To celebrate the 15th anniversary of the liberation of Shanghai in May 1964, the literary and art circles performed a large-scale musical concert - "Singing Forward under the Banner of Mao Zedong" - in the Cultural Square, under the guidance of the Shanghai Municipal Party Committee. The content of this musical concert represented the revolution of the new Chinese government and the success of the new Chinese socialism. After Zhou Enlai saw "Revolutionary History Songs Singing" and "Singing Forward under the Banner of Mao Zedong", he realized the potential of converting the stage performance into a national commemoration of the CCP to show the Chinese citizens the glorious journey from the founding of the party to the founding of the PRC during the 15th anniversary of the National Day.

On July 30, 1964, Zhou convened the relevant officials at a meeting in Xi Hua Hall, Zhong Nan Hai, and made the final decision about launching the epical musical concert project, and this concert was named as "The East Is Red" during the meeting.
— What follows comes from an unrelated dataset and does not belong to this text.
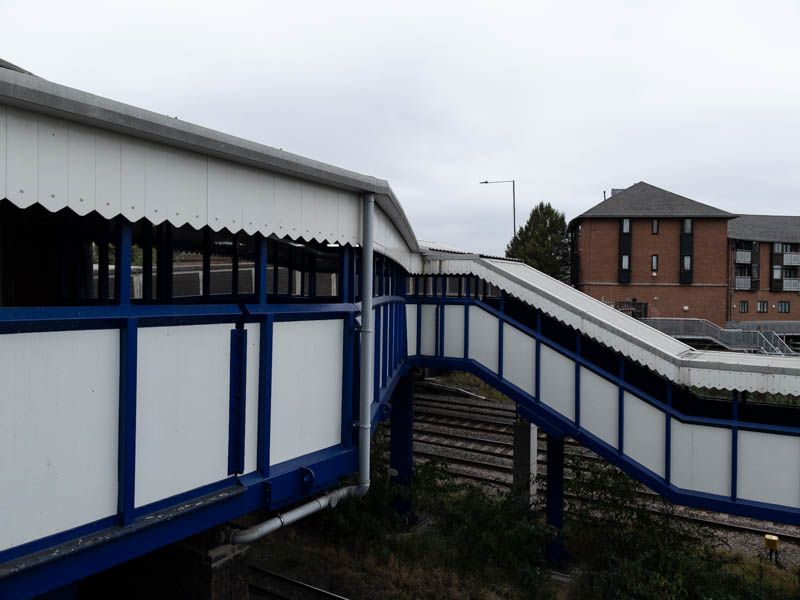 The footbridge seen from the platform 2 steps leading up to it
Zhou pointed out that the core concept of this concert should be closely related to the summarized concept, the establishment of the communist party, armed struggle, and the uniting of the nation. On October 2, 1964, The East is Red was performed for the first time in the Great Hall of the People in Beijing on the 15th anniversary of the National day.

Plot
The East Is Red depicts the history of the Chinese Communist Party under Mao Zedong from its founding in July 1921 to the establishment of "New China" in 1949. Detailed in the musical are several key events in CCP history such as the Northern Expedition (taken up by the Kuomintang (KMT) National Revolutionary Army with Chinese Communist and Soviet support), the KMT-led Shanghai massacre of 1927, the Nanchang Uprising and the formation of the People's Liberation Army, the Long March, guerrilla warfare of the PLA during the Second United Front (during the War of Resistance Against Japanese Aggression), the subsequent overthrow of the National Government of the Republic of China on Mainland China by the PLA in the decisive phase of the Chinese Civil War, and the founding of the People's Republic on October 1, 1949.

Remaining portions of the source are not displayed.